The 2026–2030 SME Sector Implementation Plan, announced by the Small and Medium Enterprises Development Authority (Riyada), seeks to improve market access, enhance SME competitiveness, and increase the sector’s contribution to the national economy. The plan also supports innovation and entrepreneurship, fostering the transition toward a knowledge-based economy.
The initiative forms part of Oman Vision 2040 and the Eleventh Five-Year Development Plan, which emphasize private-sector development, economic diversification, and job creation.
The launch follows Fitch Ratings’ recent upgrade of Oman’s long-term foreign-currency rating to investment grade (BBB-), citing stronger public finances, reduced government debt, and an improved external position.

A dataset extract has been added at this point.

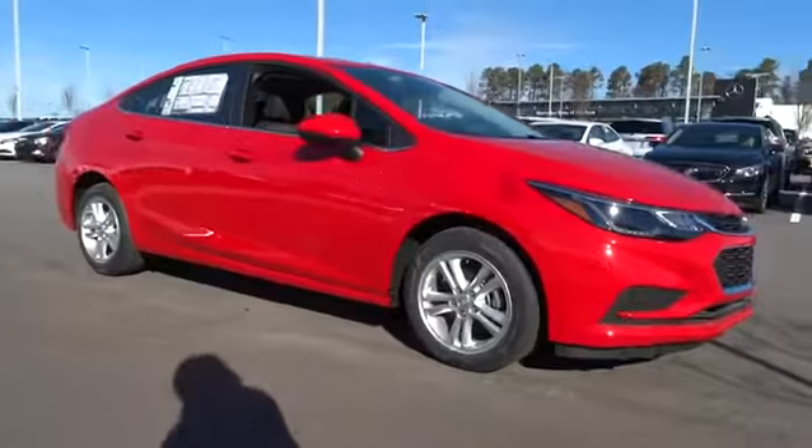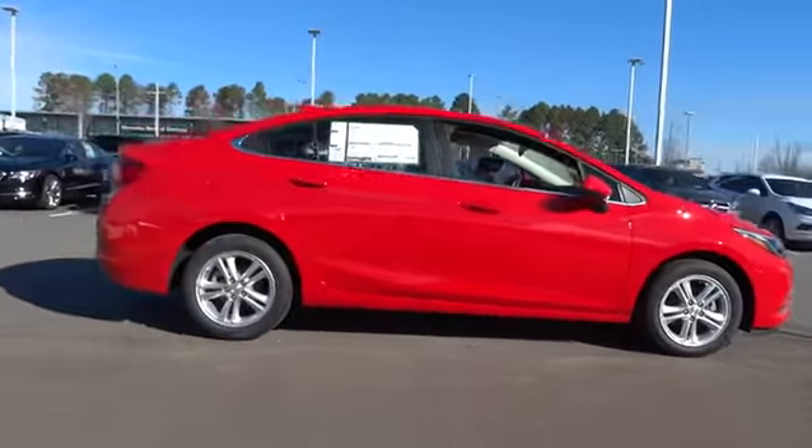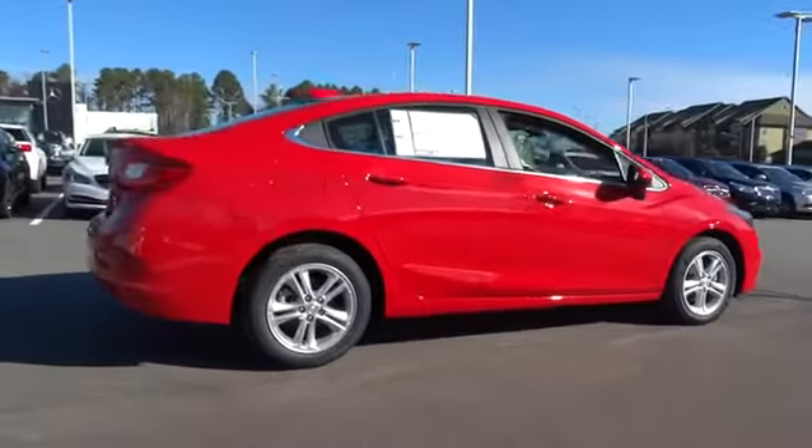The 2017 Chevrolet Cruze. The Cruze Blueprint calls for more than you'd expect. Here are some of this vehicle's great options.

According to Riyada, the implementation plan rests on strategic pillars including market access and value chains, financing and investment, enhancing local content, and cultivating a culture of entrepreneurship, skills, and innovation. These pillars were developed through consultation with government and private-sector stakeholders and are grounded in international best practices and benchmarking studies.
The plan introduces specialized programs targeting SMEs at different stages of growth, including initiatives to improve readiness for expansion and exports, integrated financing schemes, support for handicrafts and the creative economy, and the establishment of a network of entrepreneurship centers across Oman’s governorates.
Riyada said the plan aims to strengthen SME sustainability, create quality jobs, and empower entrepreneurs to develop scalable businesses, enhancing the competitiveness of Oman’s economy.
Oman has made significant fiscal progress in recent years, reducing government debt to around 36 percent of GDP in 2025, down from 68 percent in 2020. Fitch forecasts the budget deficit will remain around 1 percent of GDP in 2026 and 2027, assuming an average Brent crude price of $63 per barrel. The fiscal breakeven oil price is estimated at $67 per barrel over the same period.